“Let go of yourself.”
When you speak, you don’t imagine yourself being quoted. Doubly not, when it’s because you’re tongue tied, you’ve gone off script, and the words just rattle out of your head. But Carla Ten Eyck made it a tweet for the world to see.
“Let go of yourself.”
It didn’t mean much at the time, but I think Carla knew something I didn’t.
See, up until September of last year, I had never even heard of the Inspire Retreat, and now for the past three days, I was not only an attendee, but a speaker. And like all things new and foreign, you’re a little bit anxious. Anxious about what you’ll say, what you’ll do, whether you can make it all work. But more than anything, about All. Those. People. Where you’ll eat. Who you’ll talk to. What everyone is going to be like.
Will it be high school all over again? Will there be the cool kids and the outcasts and the rockstars and the egos? The thought sent shivers down my spine.
But that first night, as Carla delivered her keynote, it all came into focus. In brave, bold, and raw words, she showed something beautiful. She cut herself open and let her life spill out for all of us, and it became clear that the conference was exactly about letting go of yourself.
It was not the egos and the cliques and the who is better than who. As I watched and the days passed, I saw this retreat was about community and about love. About letting yourself go, not in the simple, practical way I had conceived of it as I uttered the words, but as nourishment and growth. As letting go of limitation and doubt and as a necessary step to becoming tomorrow’s you.
We are a community on the edge. These are hard times. Budgets have evaporated, the market is overheated, crowded, and full, and so much of the magic has been reduced to formula. It is a fight to survive.

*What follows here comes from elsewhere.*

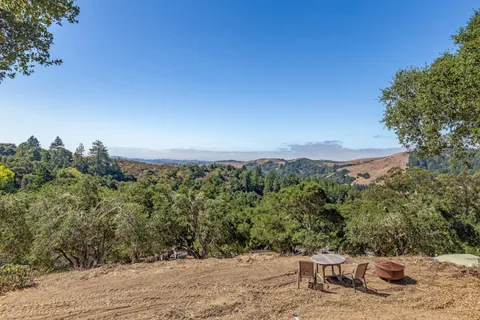 a view of a backyard with wooden fence and a bench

And we are fighting. I heard so many stories of life being lived. Of fights being fought. Of standing up and being counted amidst the challenge of children and family and work and a market that doubts your value more than it ever has.
But it can’t only be a fight. It can’t only be survival. It has to be more.

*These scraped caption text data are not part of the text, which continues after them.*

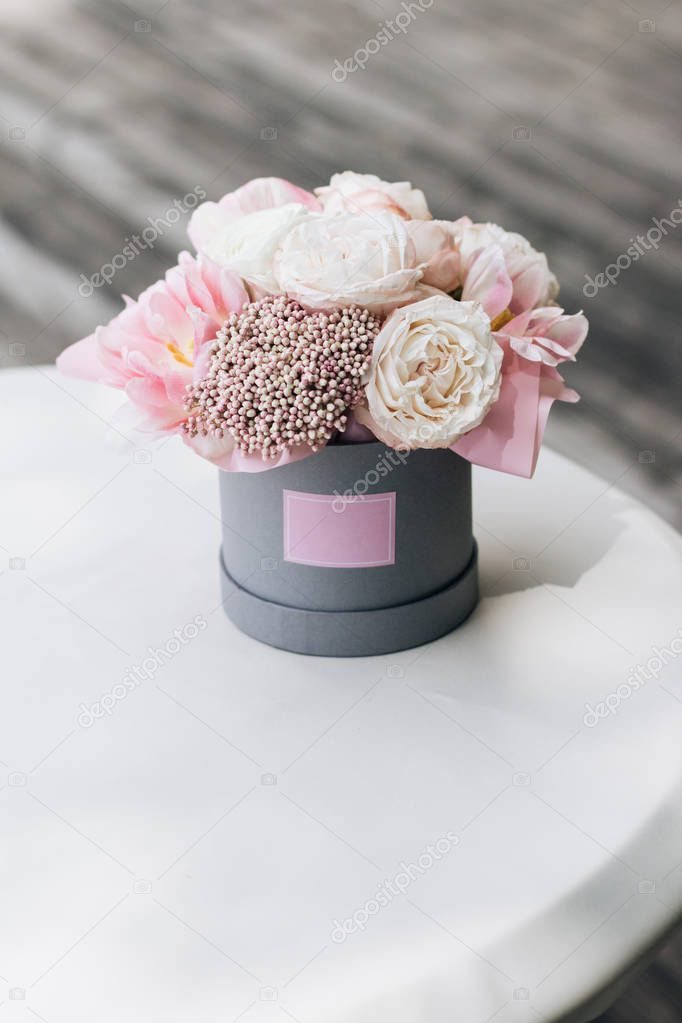 beautiful spring bouquet with tender pink flowers on white table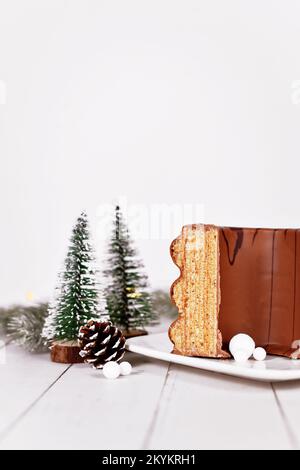 Traditionelle deutsche geschichtete Winterkuchen genannt "Baumkuchen" glasiert mit Schokolade, umgeben von saisonalen Dekoration Stockfoto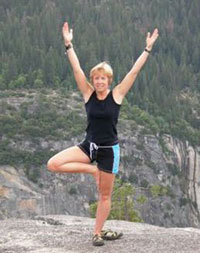 Pamela practices a yoga pose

Inspire was exactly that more.
As small business owners, we live a solitary existence. There is a wonder and brilliance in a life that’s yours. Where you dare to make the world your own. But there’s a loneliness in the day-to-day fights.

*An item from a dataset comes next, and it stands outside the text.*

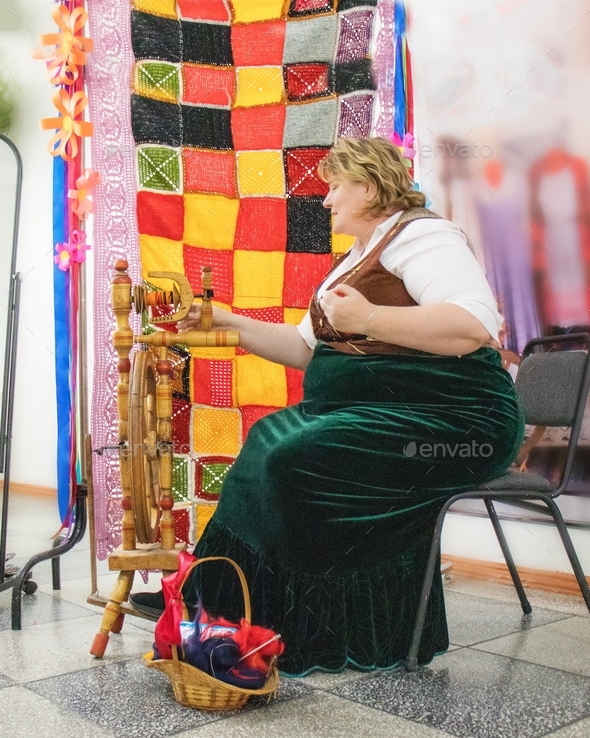  woman in national German clothes spins wool on a spinning wheel, national German traditions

Inspire was a sledgehammer to this isolation. There were no sales. There was no show. It was pure giving. A reminder that we are not alone. A lesson that we are all more. That in our similarity, we can find our individuality. It truly was letting go of yourself. Knowing that there was nothing to fear for being who you are. It was permission to find your future free of restraint and restriction. It was the purest of inspiration.
So thank to the entire team. To Enna and Eric and Krista and Carla and Paul. To everyone helping to make it happen. And a special thank you to Mark, who asked me to join. What they pulled off was nothing short of tremendous. For the heart, for the inspiration. For the group of people they assembled and for finding a way to do exactly what they asked of us. In an industry filled with surface, they dared to dig deep and open themselves up for each of us to grow.
Kim says
Cool 😉
Andrew says
Sounds like an amazing few days Spencer.
That struggle to survive as a photographer today – that you talk of, can be crushing, depressing even. How wonderful to escape that even for a few days.
Did the pressures and feelings return as soon as you did?